Short descriptive text snippets:
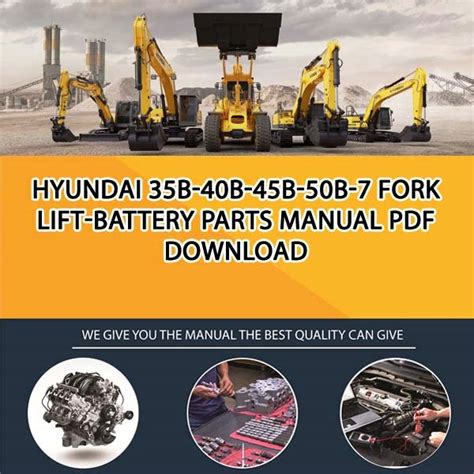 Hyundai 35b 7 40b 7 45b 7 50b 7 gabelstapler reparaturanleitung herunterladen. - Harman kardon avr 146 user manual.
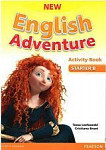 New English Adventure  Starter B Activity Book and Songs CD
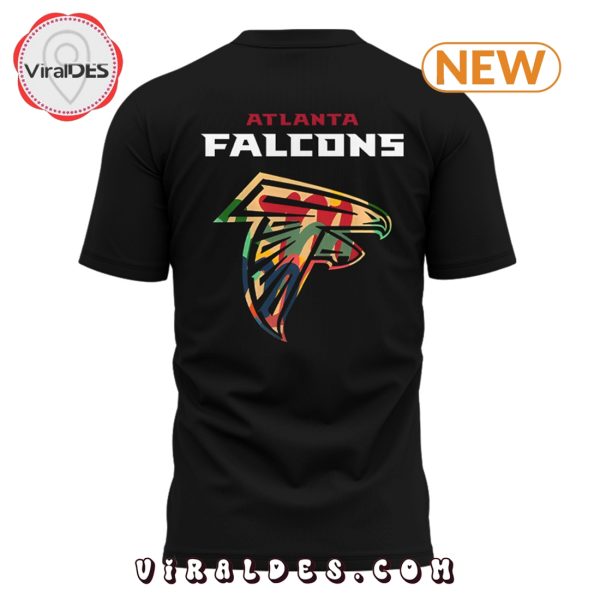 Special 2024 Atlanta Falcons Falcons x Mifland Black Shirt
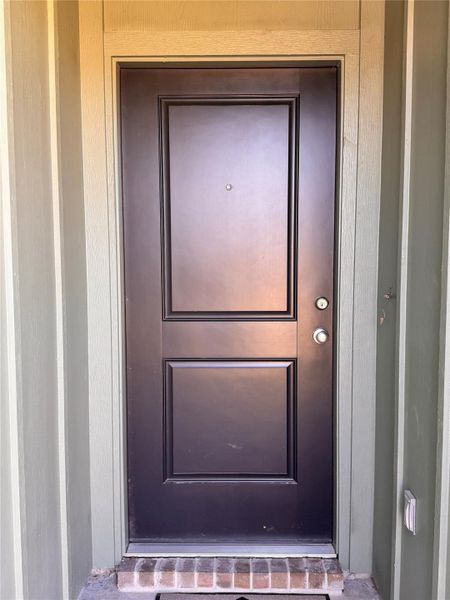 Exterior details and patio area of a home in Hill & Dale Ranch, Splendora (Image 4). Exterior details and patio area of a home in Hill & Dale Ranch, Splendora (Image 4).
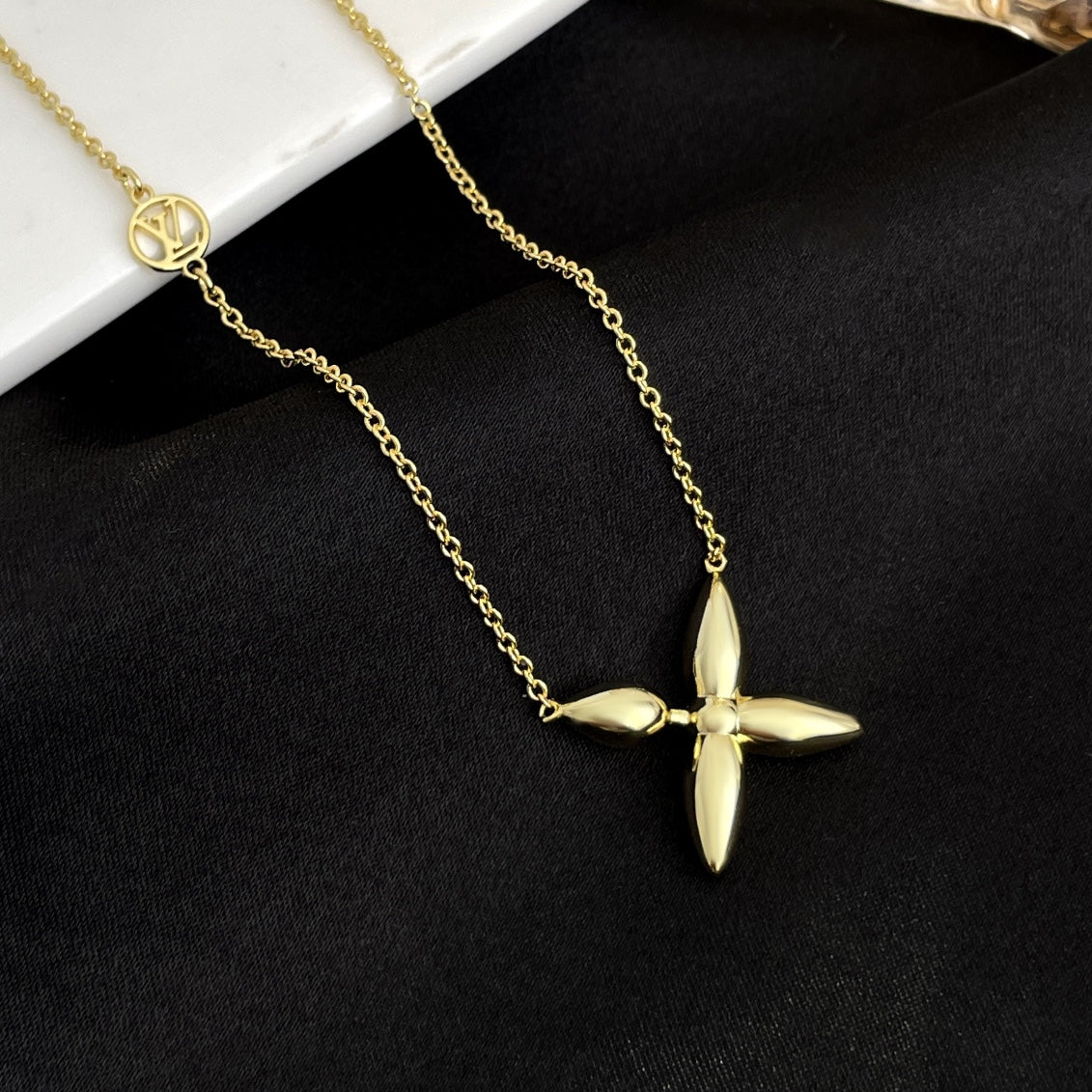 [RAFFINE]LOUISETTE GOLD NECKLACE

What the exercise asks – Starting at the first line of the records above, set down each line exactly through the one that holds "Special 2024 Atlanta". Omit pictures.

Your response –
 Hyundai 35b 7 40b 7 45b 7 50b 7 gabelstapler reparaturanleitung herunterladen. - Harman kardon avr 146 user manual.
 New English Adventure  Starter B Activity Book and Songs CD
 Special 2024 Atlanta Falcons Falcons x Mifland Black Shirt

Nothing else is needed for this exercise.